EZB: Märkte setzen zunehmend auf keine Zinssenkungen bis Jahresende

Die Prognosen zweier der größten internationalen Banken zur europäischen Geldpolitik wurden nach oben korrigiert, nachdem die Europäische Zentralbank (EZB) auf ihrer Juli-Sitzung und der anschließenden Pressekonferenz, bei der Christine Lagardes Tonfall als moderat hawkish bezeichnet wurde, beschlossen hatte, die Leitzinsen unverändert zu lassen. Goldman Sachs und BNP Paribas rechnen in diesem Jahr nicht mehr mit weiteren Zinssenkungen und haben ihre Leitzinsen zum Jahresende von 1,75 Prozent auf 2 Prozent angehoben.
Beide Banken räumten in am Donnerstag veröffentlichten Mitteilungen ein, dass die Wahrscheinlichkeit weiterer Zinssenkungen in diesem Jahr gering sei. Daher verschoben sie ihr Basisszenario auf eine zweite Jahreshälfte ohne Änderungen der Leitzinsen. Zuvor hatte Lagarde die Wirtschaft als „in einer guten Position“ bezeichnet und damit signalisiert, dass die Zentralbank eher dazu tendiert, alles unverändert zu lassen.
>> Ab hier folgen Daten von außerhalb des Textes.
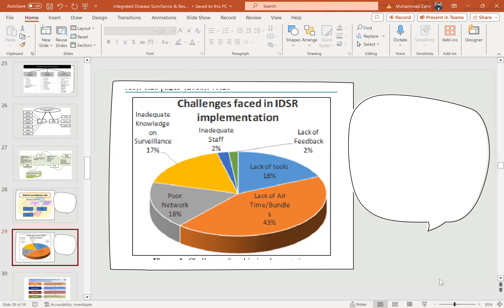The challenges faced in IDSR implementation: 43% is the lack of airtime or data bundles, 18% is poor network, 18% is lack of tools, 17% is inadequate knowledge of surveillance, 2% is inadequate staff, and there is also lack of feedback. These are the main challenges in the implementation of IDSR.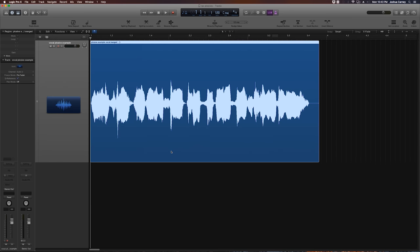All right. So that's how to remove plosives in vocal recordings in Logic Pro X. I hope you enjoyed the video and thanks for watching.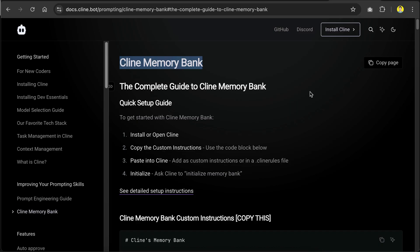What's up everyone, welcome back with me Nathan. In this video, I want to show you how to use the Memory Bank feature to make your AI coding agent more efficient and have less errors.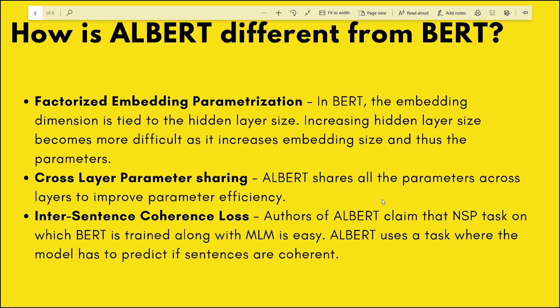How is ALBERT different from BERT? ALBERT uses three things that make it more efficient. First is factorized embedding parameterization — in BERT, the embedding dimension is tied to the hidden layer size, so increasing the hidden layer size also increases the embedding dimension, which increases model size by a lot. Second is cross-layer parameter sharing — ALBERT shares all parameters across the self-attention and fully connected layer stack, which decreases the number of parameters by many folds.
„Wir glauben, dass der [Kürzungs-]Zyklus vorbei ist und der nächste Schritt eine Erhöhung im vierten Quartal 2026 sein wird“, heißt es in einer Mitteilung von BNP Paribas, in der auch die Wahrscheinlichkeit eines Handelsabkommens zwischen den USA und der EU als Quelle größerer Stabilität und Wachstum in naher Zukunft erwähnt wird.
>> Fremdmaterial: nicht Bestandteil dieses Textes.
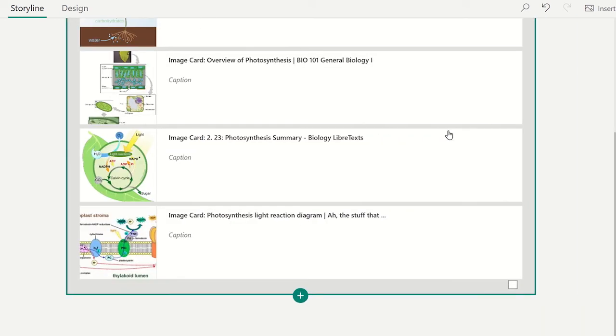If needed, you can add a caption for each image which will appear next to the image when someone views the Sway.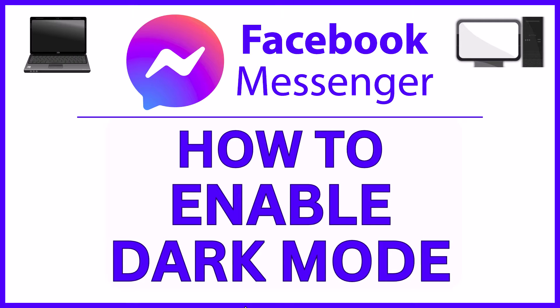This is going to be a video tutorial on how to enable dark mode on Facebook Messenger. I will be using the web version on a desktop PC for this.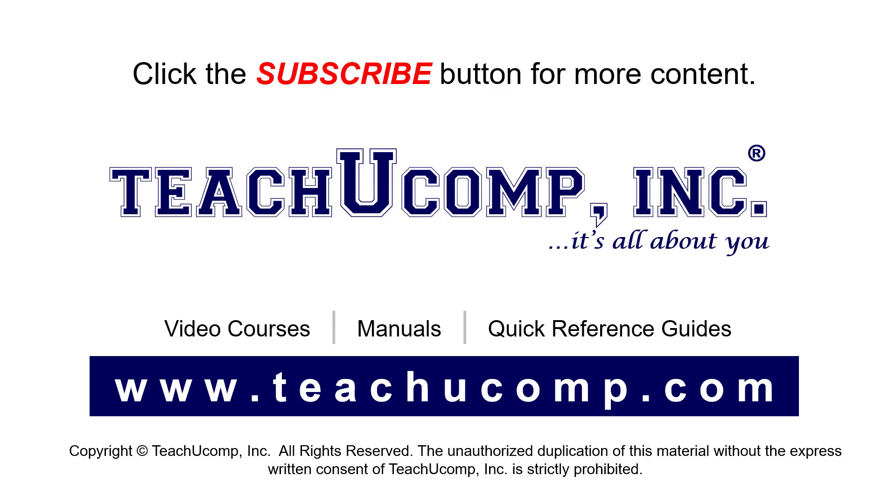If you like our video, click the button to subscribe to our channel and get easy access to new content. To see our full suite of ad-free video courses, instruction manuals, and quick reference guides, visit us at www.teachyoucomp.com.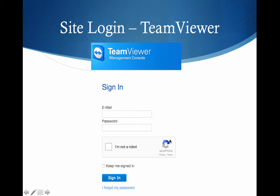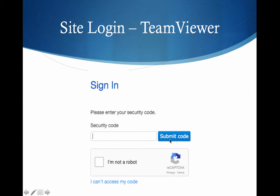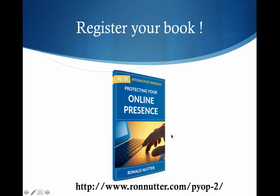Go ahead and click the sign in button. You will get a screen like you see now, which says 'please enter your security code' — that will come to you via text message, Google Authenticator, or however you set up the two-factor process. Then click 'I am not a robot' and then 'submit code.' You should be into your account momentarily.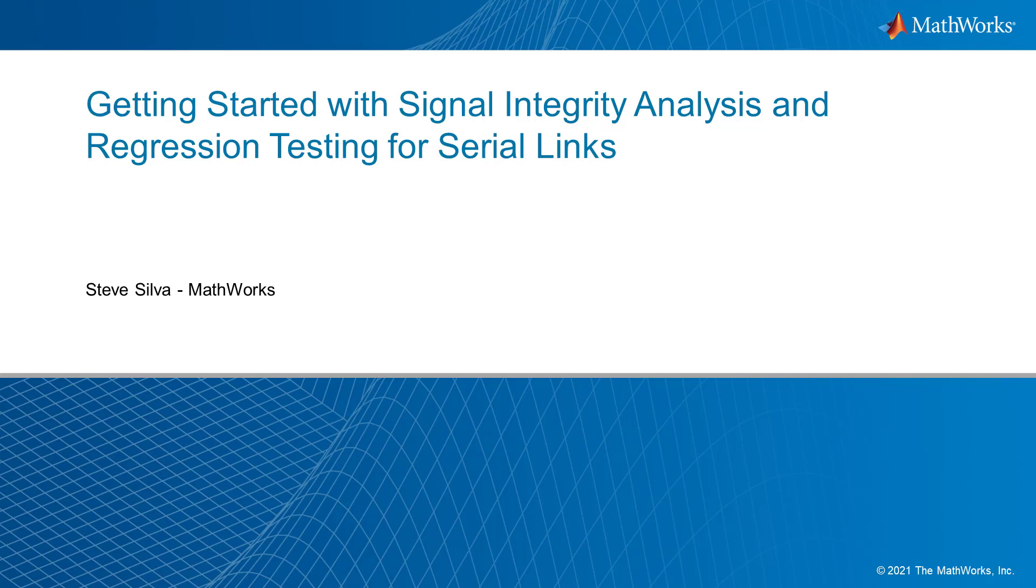Hello, this is Steve Silva, and today I'd like to cover how Signal Integrity Toolbox can be used for regression analysis when used with SerDes Toolbox.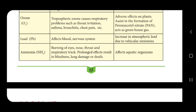Lead affects the blood and nervous system; its basic source is petrol and diesel, and it increases in the atmosphere due to vehicular emissions. Ammonia causes burning of the eyes, nose, and throat — a sensation familiar near decaying matter — and can trigger respiratory attacks. Ammonia also affects aquatic organisms.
Goldman Sachs sieht in Lagardes Äußerungen Anzeichen dafür, dass „der Gouverneursrat die Zinsen wahrscheinlich beibehalten wird, sofern sich die Situation nicht deutlich verschlechtert.“
Markt und Analysten gingen vor der Sitzung am Donnerstag davon aus, dass der Leitzins bis zum Jahresende, nach September, weiter sinken würde, was zu einem Anstieg auf 1,75 Prozent führen würde. Nach Lagardes Rede, die von einigen Analysten als kämpferisch empfunden wurde, wurden diese Prognosen jedoch nach oben korrigiert.
Der EZB-Präsident schloss weitere Zinserhöhungen nicht aus, falls sich die Auswirkungen der Handelshemmnisse als inflationär erweisen sollten – was die EZB nach wie vor nicht als selbstverständlich ansieht – und betonte die Stärke, die die europäische Wirtschaft in der ersten Jahreshälfte gezeigt habe.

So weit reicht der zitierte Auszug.